* [PROBLEM DETAILS]:
Your output should be everything below from the line containing "We are stopping" down to the line containing "Reddit will show", both ends included, copied exactly, with pictures left out.
--------------------------------
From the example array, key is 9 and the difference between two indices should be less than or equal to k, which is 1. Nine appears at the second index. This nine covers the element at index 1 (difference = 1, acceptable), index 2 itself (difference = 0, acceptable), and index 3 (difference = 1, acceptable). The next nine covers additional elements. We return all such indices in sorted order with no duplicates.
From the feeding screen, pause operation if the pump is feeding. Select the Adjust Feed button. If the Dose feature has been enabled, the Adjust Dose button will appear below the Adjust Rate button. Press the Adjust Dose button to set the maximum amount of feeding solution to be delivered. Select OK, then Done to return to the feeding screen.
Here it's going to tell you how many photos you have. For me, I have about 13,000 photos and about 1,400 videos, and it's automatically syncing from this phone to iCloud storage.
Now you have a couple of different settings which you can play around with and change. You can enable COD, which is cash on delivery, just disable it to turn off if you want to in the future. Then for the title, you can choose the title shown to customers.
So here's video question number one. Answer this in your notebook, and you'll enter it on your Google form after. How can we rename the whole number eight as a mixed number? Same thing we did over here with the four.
--------------------------------
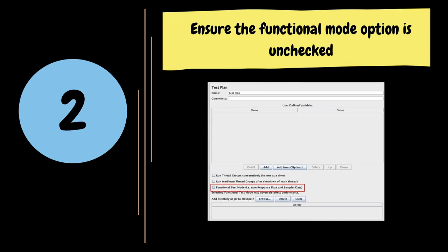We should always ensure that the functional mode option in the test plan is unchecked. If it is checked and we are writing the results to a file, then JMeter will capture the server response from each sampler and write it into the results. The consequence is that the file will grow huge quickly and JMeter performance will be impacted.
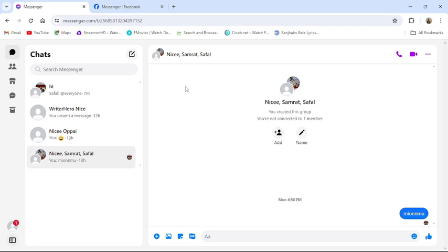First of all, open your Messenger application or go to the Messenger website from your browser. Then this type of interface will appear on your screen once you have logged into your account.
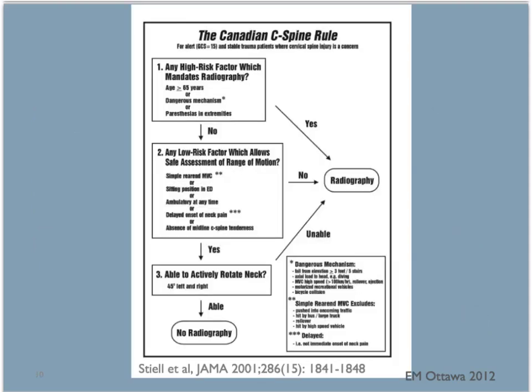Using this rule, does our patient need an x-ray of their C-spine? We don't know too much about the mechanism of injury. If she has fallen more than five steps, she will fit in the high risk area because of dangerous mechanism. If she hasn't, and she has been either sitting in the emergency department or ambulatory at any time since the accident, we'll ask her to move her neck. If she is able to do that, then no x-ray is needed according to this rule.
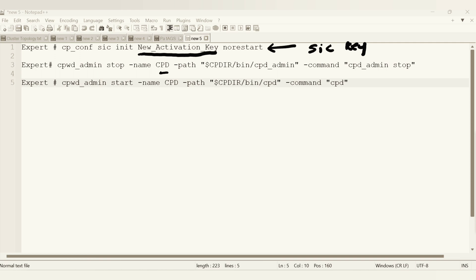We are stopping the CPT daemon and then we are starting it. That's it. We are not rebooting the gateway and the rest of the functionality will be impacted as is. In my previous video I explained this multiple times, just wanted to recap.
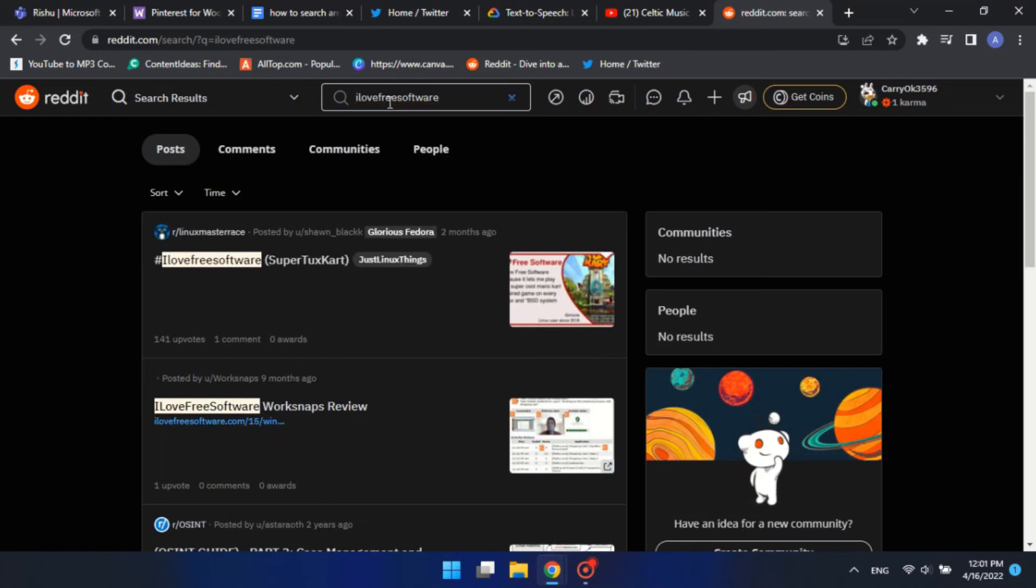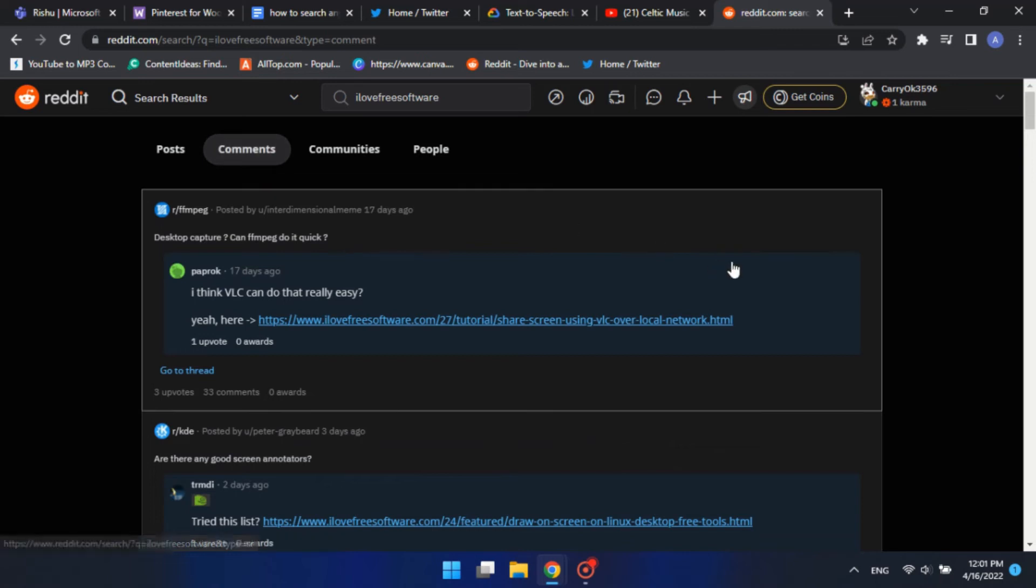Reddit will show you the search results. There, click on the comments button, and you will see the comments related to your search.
--------------------------------
* [EXERCISE RESULT]:
We are stopping the CPT daemon and then we are starting it. That's it. We are not rebooting the gateway and the rest of the functionality will be impacted as is. In my previous video I explained this multiple times, just wanted to recap.
Reddit will show you the search results. There, click on the comments button, and you will see the comments related to your search.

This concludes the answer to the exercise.